## Data for analysis

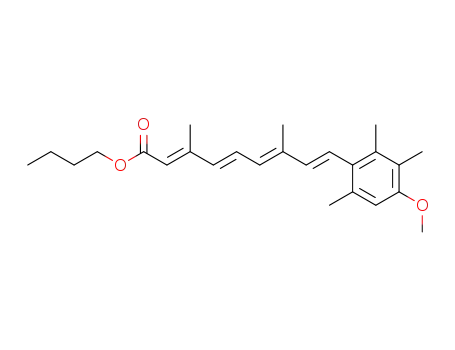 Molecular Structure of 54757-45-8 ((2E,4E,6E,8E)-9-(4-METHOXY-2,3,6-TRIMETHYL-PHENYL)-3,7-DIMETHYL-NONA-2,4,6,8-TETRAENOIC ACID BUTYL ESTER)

...

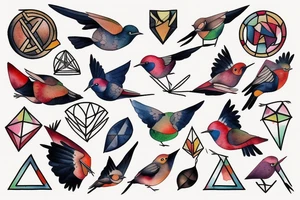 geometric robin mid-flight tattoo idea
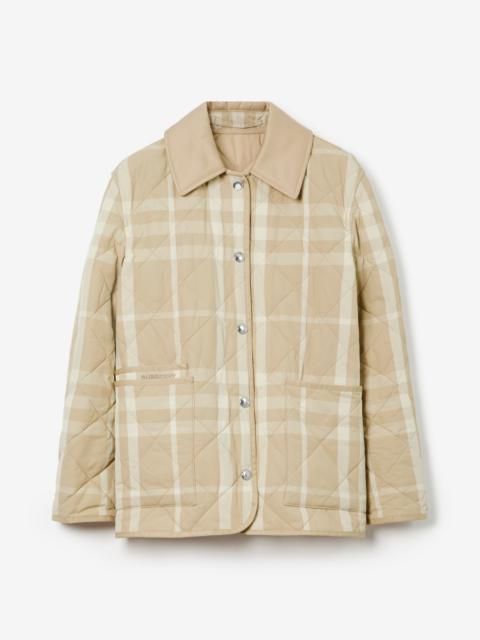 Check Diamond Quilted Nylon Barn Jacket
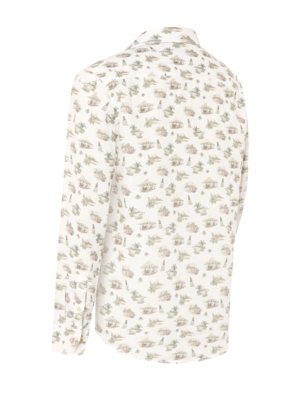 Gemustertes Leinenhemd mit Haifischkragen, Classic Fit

==

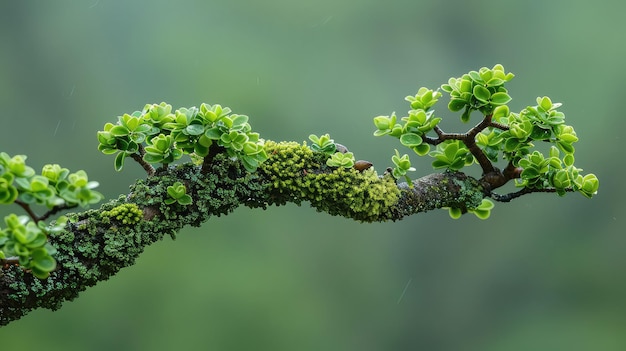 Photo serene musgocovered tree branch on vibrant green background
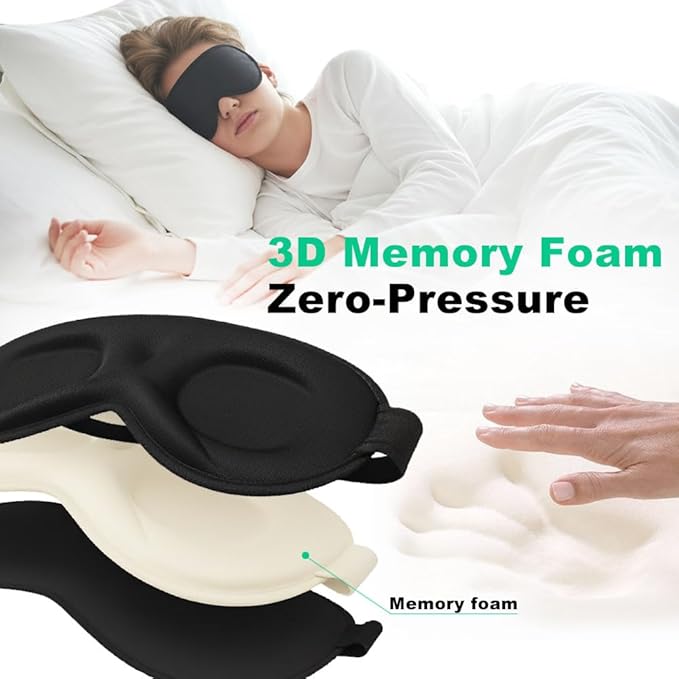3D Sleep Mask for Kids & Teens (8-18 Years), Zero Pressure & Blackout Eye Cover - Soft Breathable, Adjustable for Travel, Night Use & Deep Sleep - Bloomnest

## Problem description
Range to copy from the listing above: the line containing "Check Diamond Quilted Nylon Barn Jacket" down to the line containing "Gemustertes Leinenhemd mit", both included. Reproduce it exactly, minus the pictures, and add nothing.

## Response for this exercise
 Check Diamond Quilted Nylon Barn Jacket
 Gemustertes Leinenhemd mit Haifischkragen, Classic Fit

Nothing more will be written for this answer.